ChartBrew
Open-source reporting platform to build live dashboards from SQL, NoSQL, APIs, and SaaS tools with an AI assistant that creates charts from natural language.
ChartBrew is an open-source business intelligence platform that connects directly to relational databases (MySQL, PostgreSQL, TimescaleDB, RDS), document stores (MongoDB, Firestore, Realtime Database), analytics APIs (Google Analytics, ClickHouse, Supabase), and SaaS platforms (Stripe, Customer.io, Jira, Strapi) to generate interactive, real-time dashboards. Version 5 introduced a major architectural shift toward an AI-first workflow where a conversational orchestrator backed by OpenAI’s function-calling API can query data sources, generate SQL or MongoDB queries from plain English, pick chart types, and push the resulting visualizations directly onto a dashboard in a single guided session.
The platform is built as a monorepo with a React + HeroUI frontend and an Express backend, both running on Node.js 22. BullMQ handles background jobs for scheduled data refreshes and automated chart snapshots, while Redis serves as both the cache layer and the job queue broker. Teams can share dashboards internally, restrict access with role-based permissions at the project and dataset level, or embed live charts into external web applications via an iframe or public API — all without requiring any paid subscription for self-hosted instances.

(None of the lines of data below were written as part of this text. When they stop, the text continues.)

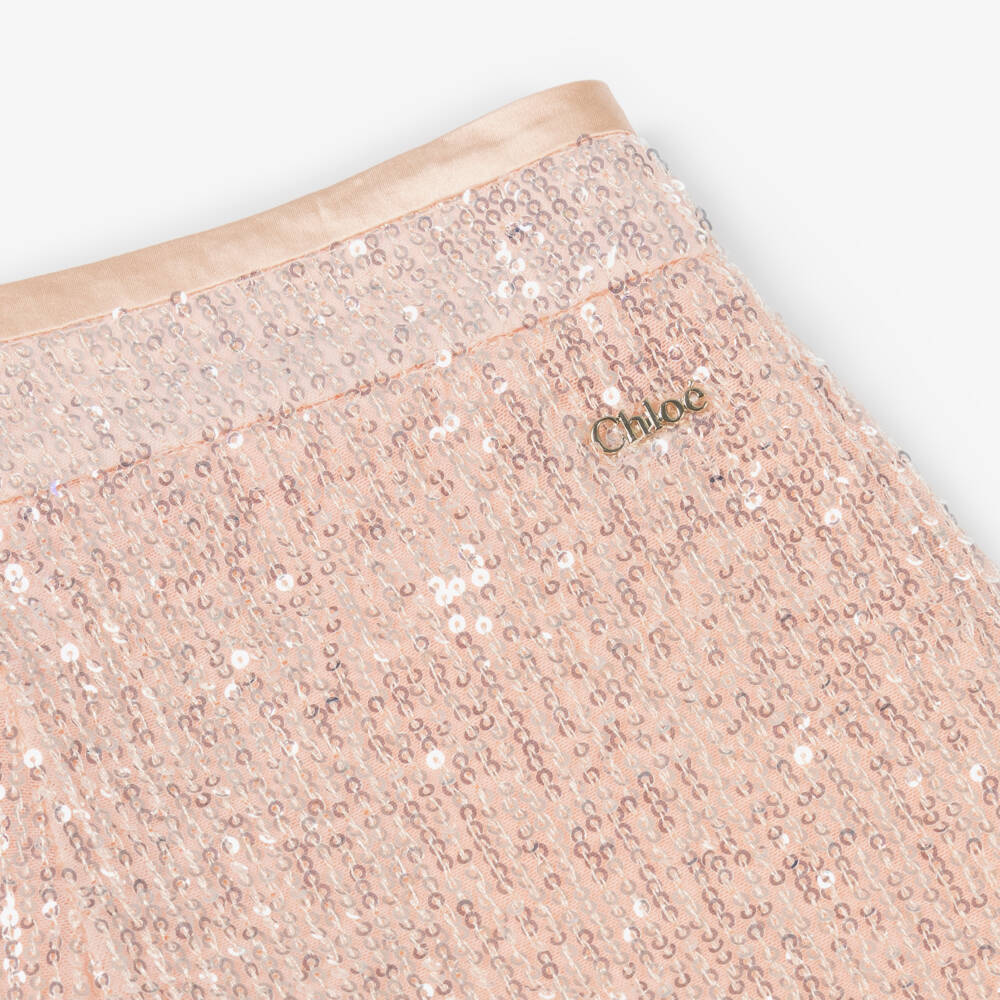 Chloé-Блестящие розовые шорты для девочек | Childrensalon Outlet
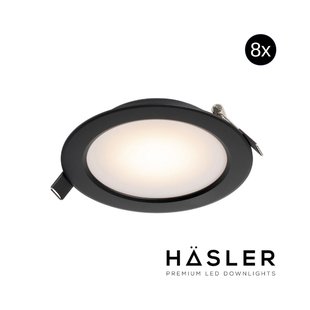 Inbouwspot Häsler Zamorra Incl. Fase Aansnijding Dimbaar 13.7 cm 8 Watt Warm Wit Zwart Set 8x
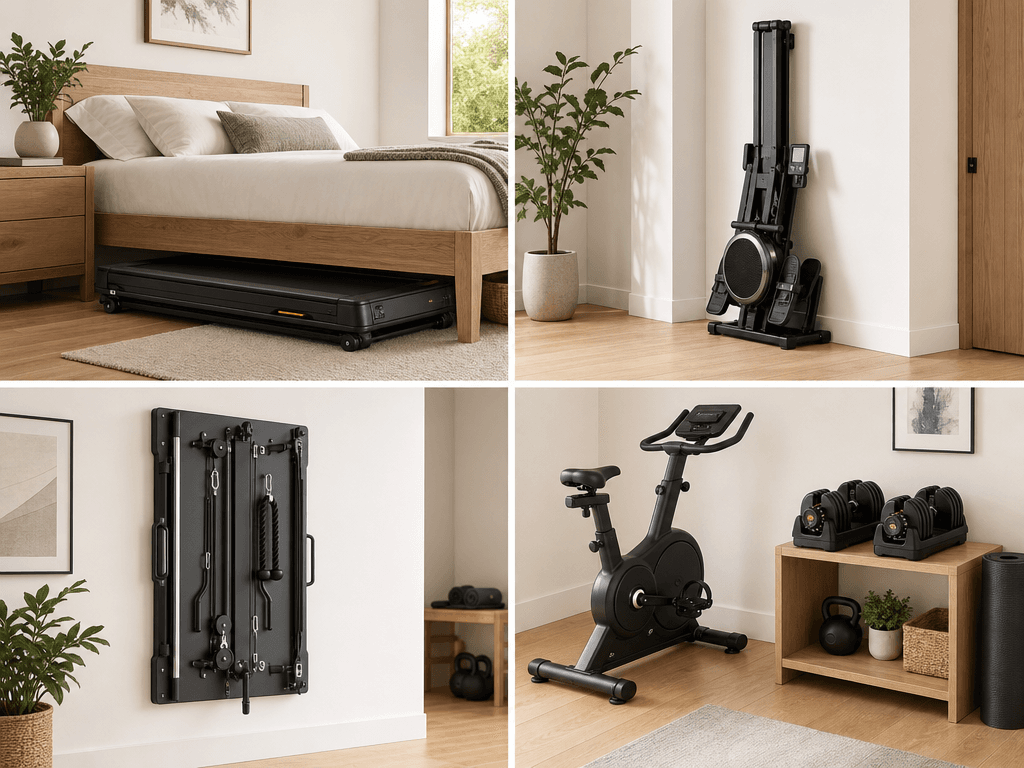 Four-panel editorial scene showing four storage modes: a folding treadmill sliding under a low bed frame (fold flat), a rower stored upright against a wall (vertical storage), a foldable wall-mounted rack closed flat against a wall (wall-mounted), and a small exercise bike with adjustable dumbbells on a shelf (compact footprint).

ChartBrew’s plugin architecture makes it straightforward to add new data sources as standalone packages. Each source plugin exposes a standard interface covering connection validation, schema discovery, query execution, and AI-assisted query generation so the built-in AI orchestrator can introspect any connector without special-casing. The result is a platform where non-technical users can ask questions in natural language and receive publishable charts, while engineers retain full control over raw query editors, variable bindings, and dataset configuration.
What You Get
- AI-Powered Dashboard Builder - A conversational AI orchestrator backed by OpenAI function-calling that translates natural language questions into SQL, MongoDB, or ClickHouse queries, selects appropriate chart types, and places finished visualizations on a dashboard in one guided session.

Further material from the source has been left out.